Investors seeking the safety of government debt amid the loss of confidence in credit markets pushed rates on three-month bills today to 0.387 percent, the lowest level since 1954….

“It shows you the kind of anxieties that are going on and the keen demand for Treasuries,” said Tony Crescenzi, chief bond market strategist at Miller Tabak & Co. in New York. “The rise in fails tells us about the inability of dealers to obtain Treasury collateral.”

In a repurchase agreement, or repo, a customer provides cash to a dealer in exchange for a bill, note or bond. The exchange is reversed the next day, with the customer receiving interest on the overnight loan. A Treasury security is termed on “special” when it is in such demand that owners can borrow cash against it at interest rates lower than the general collateral rate.
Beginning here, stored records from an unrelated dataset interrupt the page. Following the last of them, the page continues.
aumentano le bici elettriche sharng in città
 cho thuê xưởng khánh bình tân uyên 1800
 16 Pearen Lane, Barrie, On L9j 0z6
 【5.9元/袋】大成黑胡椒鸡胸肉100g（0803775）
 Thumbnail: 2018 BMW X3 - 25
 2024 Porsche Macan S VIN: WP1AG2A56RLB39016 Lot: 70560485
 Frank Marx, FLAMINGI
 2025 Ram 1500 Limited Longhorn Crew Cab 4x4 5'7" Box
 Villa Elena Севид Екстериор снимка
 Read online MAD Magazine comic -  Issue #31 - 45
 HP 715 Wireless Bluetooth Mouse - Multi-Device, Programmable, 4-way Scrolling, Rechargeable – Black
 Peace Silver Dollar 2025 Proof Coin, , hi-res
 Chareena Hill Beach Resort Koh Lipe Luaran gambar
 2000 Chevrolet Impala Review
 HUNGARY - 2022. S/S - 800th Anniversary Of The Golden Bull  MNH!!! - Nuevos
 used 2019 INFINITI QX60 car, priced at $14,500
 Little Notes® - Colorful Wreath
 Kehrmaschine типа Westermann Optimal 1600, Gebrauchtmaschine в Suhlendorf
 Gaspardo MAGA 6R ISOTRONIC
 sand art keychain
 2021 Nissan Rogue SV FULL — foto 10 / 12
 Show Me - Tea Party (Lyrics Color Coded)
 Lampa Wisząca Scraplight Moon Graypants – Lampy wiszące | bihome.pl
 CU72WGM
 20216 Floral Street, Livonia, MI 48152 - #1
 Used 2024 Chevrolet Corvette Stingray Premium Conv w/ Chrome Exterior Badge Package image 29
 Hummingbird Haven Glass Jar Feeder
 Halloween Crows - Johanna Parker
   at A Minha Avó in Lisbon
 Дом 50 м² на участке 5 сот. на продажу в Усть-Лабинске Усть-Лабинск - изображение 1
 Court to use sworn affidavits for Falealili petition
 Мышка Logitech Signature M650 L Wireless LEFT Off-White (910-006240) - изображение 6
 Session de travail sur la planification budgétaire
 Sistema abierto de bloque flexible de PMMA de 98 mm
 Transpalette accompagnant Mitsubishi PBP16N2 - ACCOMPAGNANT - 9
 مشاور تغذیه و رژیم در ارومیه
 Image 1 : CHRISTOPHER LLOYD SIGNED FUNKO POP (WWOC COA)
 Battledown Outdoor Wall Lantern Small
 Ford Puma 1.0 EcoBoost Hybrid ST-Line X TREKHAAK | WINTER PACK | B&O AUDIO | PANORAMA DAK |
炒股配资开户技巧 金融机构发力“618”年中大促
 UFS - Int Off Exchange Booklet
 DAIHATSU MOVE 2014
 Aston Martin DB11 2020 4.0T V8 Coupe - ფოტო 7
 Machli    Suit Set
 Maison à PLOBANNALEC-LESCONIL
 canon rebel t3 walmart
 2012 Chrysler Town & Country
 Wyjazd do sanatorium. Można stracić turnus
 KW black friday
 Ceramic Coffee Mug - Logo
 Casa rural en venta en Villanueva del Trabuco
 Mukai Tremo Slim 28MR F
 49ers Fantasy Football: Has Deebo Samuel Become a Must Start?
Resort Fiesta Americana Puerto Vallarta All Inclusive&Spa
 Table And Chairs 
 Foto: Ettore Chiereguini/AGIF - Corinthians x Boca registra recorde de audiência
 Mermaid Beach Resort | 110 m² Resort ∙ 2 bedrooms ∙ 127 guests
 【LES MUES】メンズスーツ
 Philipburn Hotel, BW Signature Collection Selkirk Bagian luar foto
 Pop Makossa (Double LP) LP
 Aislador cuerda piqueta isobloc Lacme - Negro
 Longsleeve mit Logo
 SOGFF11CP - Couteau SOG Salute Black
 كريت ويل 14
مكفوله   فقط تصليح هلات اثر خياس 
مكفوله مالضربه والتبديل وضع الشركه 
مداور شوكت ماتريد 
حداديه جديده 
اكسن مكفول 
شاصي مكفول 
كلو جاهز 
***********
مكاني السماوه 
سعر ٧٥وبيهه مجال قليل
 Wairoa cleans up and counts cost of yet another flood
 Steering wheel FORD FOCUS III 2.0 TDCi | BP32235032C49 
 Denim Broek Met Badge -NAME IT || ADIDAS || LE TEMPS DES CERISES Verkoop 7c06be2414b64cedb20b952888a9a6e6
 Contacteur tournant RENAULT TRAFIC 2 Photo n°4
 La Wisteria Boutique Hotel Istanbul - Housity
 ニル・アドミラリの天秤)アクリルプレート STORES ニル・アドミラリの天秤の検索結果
The Treasury Department cautioned dealers in January to guard against failing to settle in the Treasury repo market as interest rates fall. It cited periods of such failures to receive or deliver securities, known as `fails’ in the repo market, earlier in the decade when rates dropped.

The difference between the rate for borrowing and lending non-specific Treasury securities, or the general collateral rate, has averaged 63 basis points below the central bank’s target rate for overnight loans this year. The spread has averaged about 8 basis points the past 10 years.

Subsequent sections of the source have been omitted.